Suitably inspired I banged together a rather quick but unforgettable bruschetta – and it just felt like a real celebration of the vibrancy of fresh Italian food.
Traditionally bruschetta is bread, usually ciabatta because of its open light structure, grilled on both sides and eaten warm with olive oil; and often served with a savoury garnish. It is said that bruschetta, which of course is of Italian origin, was used to test the new season’s olive oil. Now, it has become more about the savoury garnish and can be found topped with anything from cannellini beans, onion and sage, as in the Tuscan version of beans on toast, to cabbage, garlic and chilli.
The version on this here blog celebrates the fresh flavours of Italy and one that I picture whilst dreaming about looking out on a summer morning over the rolling hills of Tuscany. In it there is a medley of sweet miniature tomatoes, peppery radish, great olive oil, sweet and acidic aged balsamic, parsley, fennel fronds, sea salt and coarsely ground black pepper. Essentially it is served on crunchy griddled ciabatta. Buon appetito.
Bruschetta - Vibrancy of ItalyPrint
- ■ 200g medley of miniature tomatoes | Including cherry, black Russian, grape, yellow and red tomatoes.
- ■ 4 small radishes | Sliced.
- ■ a splash olive oil | Good quality virgin here.
- ■ a splash balsamic vinegar | A rich acidic and sweet aged version is tops.
- ■ 10 parsley leaves | Roughly chopped.
- ■ 4 fennel fronds | Roughly chopped. Adds a hint of aniseed to the bruschetta.
- ■ seasoning of sea salt and black pepper | Coarsely ground black pepper.
- ■ a few slices old-fashioned ham | Or ham off the bone - just something that's not mainly water if you know what I mean.
- ■ a few slices ciabatta | A couple of days old ciabatta griddles to a lovely crunch.
- ■ a few drizzles olive oil | To griddle the ciabatta.
Pre-heat a griddle pan on medium heat to get it hot.

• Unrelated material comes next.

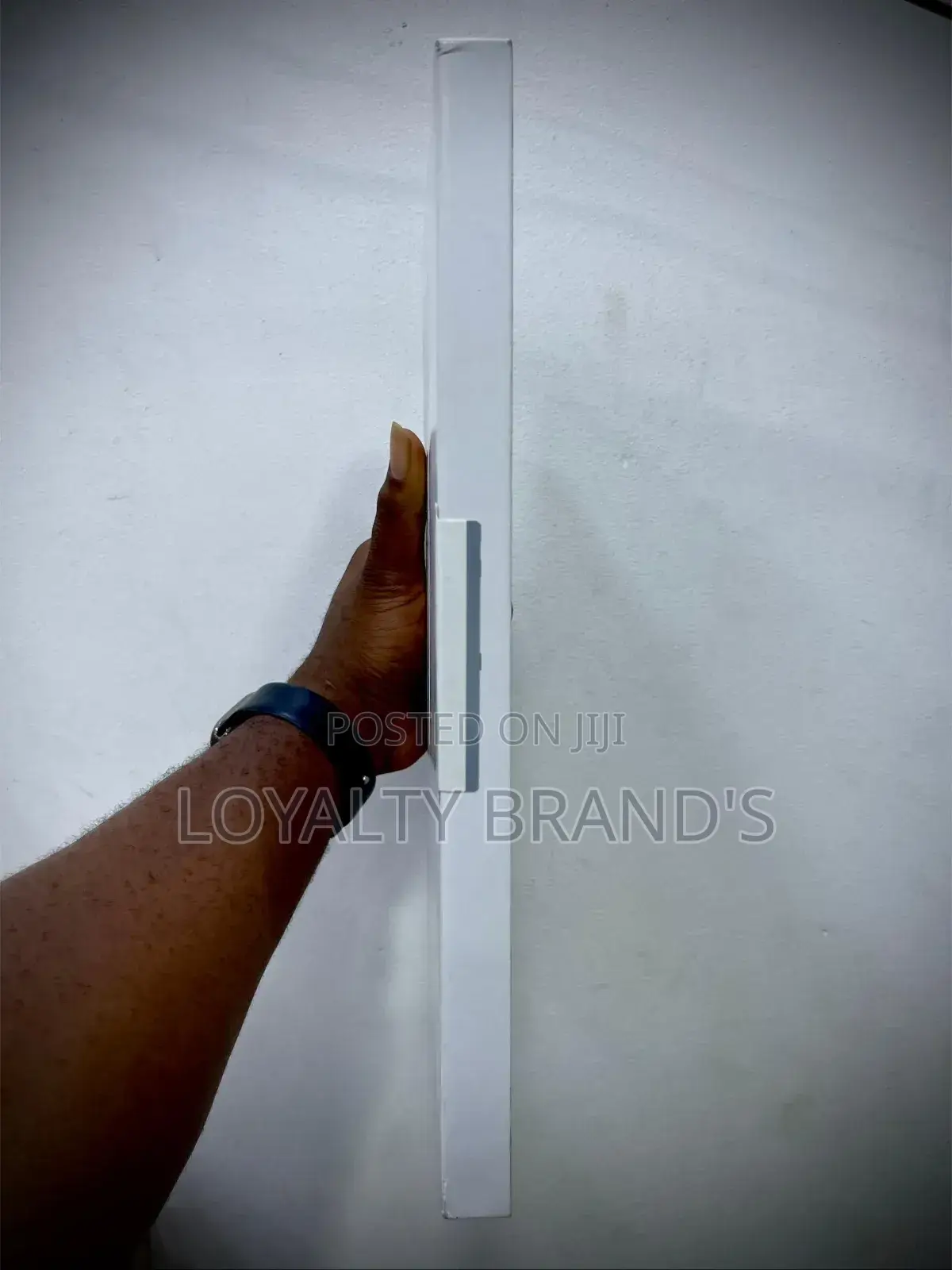 New Samsung Galaxy Tab S11 Ultra 5G 256 GB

On a wooden chopping board roughly chop up the tomatoes and then add the sliced radishes. Pour over a splash of olive oil and a splash of the balsamic vinegar. Now add the chopped parsley, fennel fronds, sea salt and black pepper. Mix it all up – I just use a knife in a toss and scrape motion. Put the tomato mix in a bowl, and you will be left with some lovely tomatoey, oily and vinegary juices on the chopping board. Very quickly dip each slice of the ciabatta bread in the juice – so it becomes acquainted but not over-friendly i.e. not soggy. Lightly drizzle olive oil over both sides of each ciabatta slice and then place them side-down in the hot griddle. Turn over when a lovely golden brown and do the same to the other side.
Once both sides have browned (being careful not to burn) remove the ciabatta from the griddle and on one side of each slice lay some of that lovely ham. Top the ham with a couple of spoons of the tomato mix and eat immediately.
If you don't have a griddle then you can grill (broil) the ciabatta.